I had the high honor recently of attending the commencement of the Florida Community College at Jacksonville class of 2003. My reason for being there was to see my niece, Ms. Angela M. (Angie) Miller receive her Associate in Arts degree.
This commencement was a real celebration of the determination of the human spirit. The youngest graduate was 18 and the oldest, 76. Angie, 24, has been beating the odds all her life, beginning with her birth. Weighing in at three pounds, she had to struggle for months just to stay alive. She did, and has since led a successful life in spite of various disabilities associated with cerebral palsy.
Not to take a thing away from Angie’s accomplishments, but she could not have managed this or many of her other courageous feats without the full support and backing of her mom and dad (my sister Terry and brother-in-law Albert Miller).
This is an inspiring story, but what does it have to do with the roofing business?
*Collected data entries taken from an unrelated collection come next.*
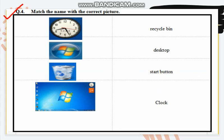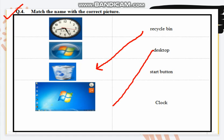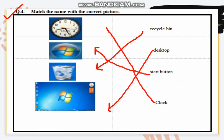Here is question number 4: match the name with the correct picture. You have to match the name with the picture. Can you help me solve this? Recycle bin — here is the recycle bin. Desktop — this is the desktop. Start button — it is here, it is the start button. And the clock — the clock is here.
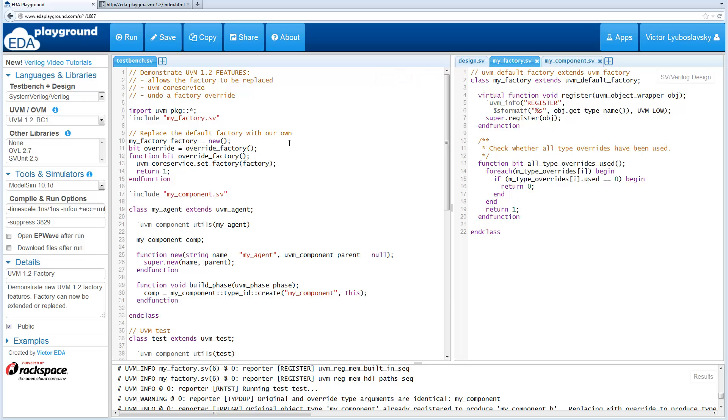Welcome to What's New in UVM 1.2. This video covers the changes to the component factory that have been done in UVM 1.2.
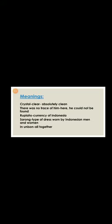Crystal clear means absolutely clean. There was no trace of him here means he could not be found. Rupiahs is the currency of Indonesia. Sarong is a type of dress worn by Indonesian men and women. In unison means all together.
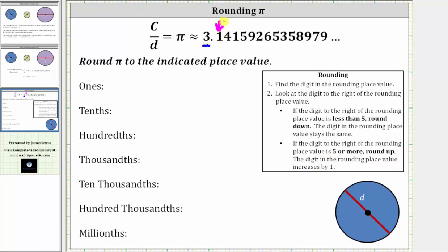In this case, the one indicates to round down, and therefore pi rounds to three when rounding to the one's place value. This should make sense because this is telling us that pi is closer to three than it is to four.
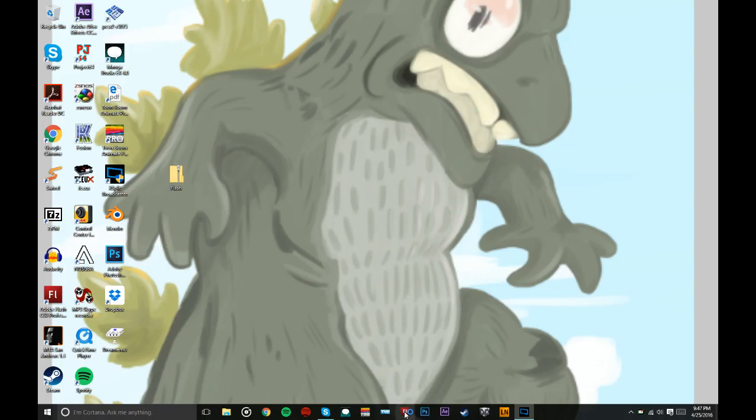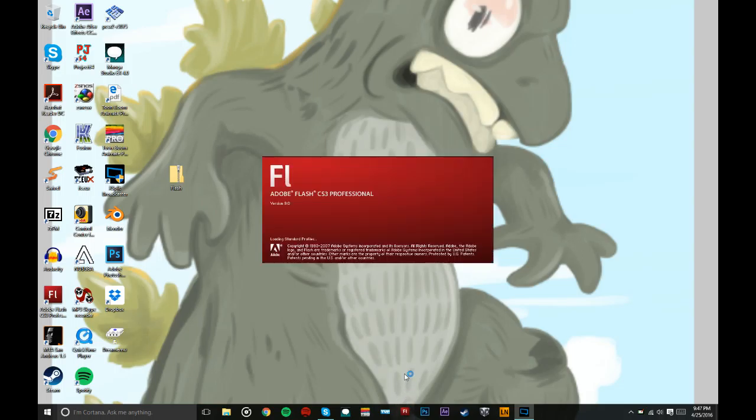I'd rather animate in XSplit. Why would you animate in XSplit?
Emily Stover DeRocco, assistant secretary, Employment and Training Administration, U.S. Department of Labor, delivered the commencement address. Some of her comments regarding the aging of the baby boomers caught me by surprise. At this point, the youngest boomers are in their 40s and the oldest are approaching their 60s. We (I’m right in the middle of this group) boomers will be heading for our beach or mountain places in droves beginning in the next decade.
Who is going to take our place as the key owners and managers in the roofing industry? More importantly, what are we doing to prepare the coming generation to take our place?
In any labor-intensive enterprise such as roof contracting, training and education are always high on the agenda. Finding and training roofing workers proved a significant challenge in the 1990s and continues to be a nagging problem. A shortage of experienced managers coming into our industry in the next 20 years could make the ‘90s look like a walk in the park.
The time to re-focus on higher education for our future managers is now.
As individuals, parents in particular, we must do everything we can to empower and encourage our young people to set and pursue challenging educational goals. Major firms in our industry should revisit their internal higher education initiatives. You should increase tuition assistance as well as beef up scholarship programs for your employees and industry associates.
All of us can participate by way of our local, state and national trade associations who have, or certainly should have, an ongoing scholarship program for members and their families. My son, Jordan, has been the recipient of scholarship help from the Roofing and Sheet Metal Contractors Association of Georgia (which is most appreciated by his mom and dad).
Help spread the word throughout our industry. Get in touch with the leaders of your roofing association(s). Remind them that the “boomer bubble” isn’t tomorrow or next week, but is out there ready to burst at a time in our future that, if we are not prepared, may cause us decades of woes. Ask them to add a discussion of their higher education initiatives on the agenda of their next meeting. Encourage them to take radical measures to increase them in every fashion and keep them up front as a key issue for the next several years. And please add congratulations from Roofing Contractor to the graduates around your house or shop this year.